# 2yrs ago today



## camel24j (Jan 12, 2007)

i had to help my 15yr old male cat Sadie over the bridge. he was an interesting cat and a big lover very well behaved and i swear he was so smart i could tell him something and he did it i miss him so much i don't have a pic on the net becuse i didn't have a dig cam till after he was gone  i will try and scan a few pics of him to post. he didn't like the dogs but was always gentle. we tried to tell him to use his claws and the dogs would learn but he would only whack them on the head with out claws it was cute. he looked at you cross eyed if you had food he was a begger lol. he didn't like change if you moved anything he would have to slowly enter the room and sniff everything but after he was fine. and as of his name poor Sadie always got called a girl becuse of it here's the story when i was young a friend of mine was moving they had a kitten and the just rescued a dog her parents told her they could only take one or the other with them on the move and we couldn't take the dog so she let us have the kitten they named him Sadie becuse he had nipples and thought that ment he was a girl lol well as soon as we got him we knew he was a boy but he already new his name so we kept it and he didn't seem to mind lol he was a guard dog at first he used to growl when any one came to the door and he played fetch but after we got are first dog he stopped growling at the door and left it to the dogs lol he had a love hate relationship to the dog. sorry this is so long. i will always love Sadie.


----------



## marie73 (Jul 12, 2006)

Sadie sounds like a wonderful cat and it's obvious how much you love him and still miss him.

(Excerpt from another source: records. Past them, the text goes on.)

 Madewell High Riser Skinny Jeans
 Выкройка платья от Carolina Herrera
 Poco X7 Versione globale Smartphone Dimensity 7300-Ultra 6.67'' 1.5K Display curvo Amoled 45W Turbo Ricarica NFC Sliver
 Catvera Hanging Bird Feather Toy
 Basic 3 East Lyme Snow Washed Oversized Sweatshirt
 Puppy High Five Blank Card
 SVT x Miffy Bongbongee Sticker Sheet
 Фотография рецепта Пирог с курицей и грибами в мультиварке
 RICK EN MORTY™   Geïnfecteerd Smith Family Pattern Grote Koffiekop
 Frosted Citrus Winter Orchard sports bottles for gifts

You gave him a great, long life. :angel


----------



## camel24j (Jan 12, 2007)




----------



## camel24j (Jan 12, 2007)

ok in the first pic bunny also a male cat who passed about 9yrs ago is on the left sadie is on the right and here is just a pic of sadie.


----------



## marie73 (Jul 12, 2006)

They're both beautiful - is Sadie on the right?


----------



## marie73 (Jul 12, 2006)

Oops - we posted at the same time, but I was correct! Sadie was handsome! I love him on the stove! He looks warm and comfortable.


----------



## camel24j (Jan 12, 2007)

actually it was a dryer and we feed him on there till he could no longer jump he had a limp for a yr and all the vets i took him to said there was nothing wrong it was just arthritis the vets around were i live suck they didnt even give him anything for pain but he seemed pretty happy till the end any ways. he had bad teeth to he had to have a few removed when i got him i was really young so dental health for cats i had no clue at the time and i know that being young that i made a lot of mistakes with him but he was a really good cat.


----------



## kitkat (Sep 22, 2003)

Sadie had a great life with you and I'm sure he's looking after you guys


----------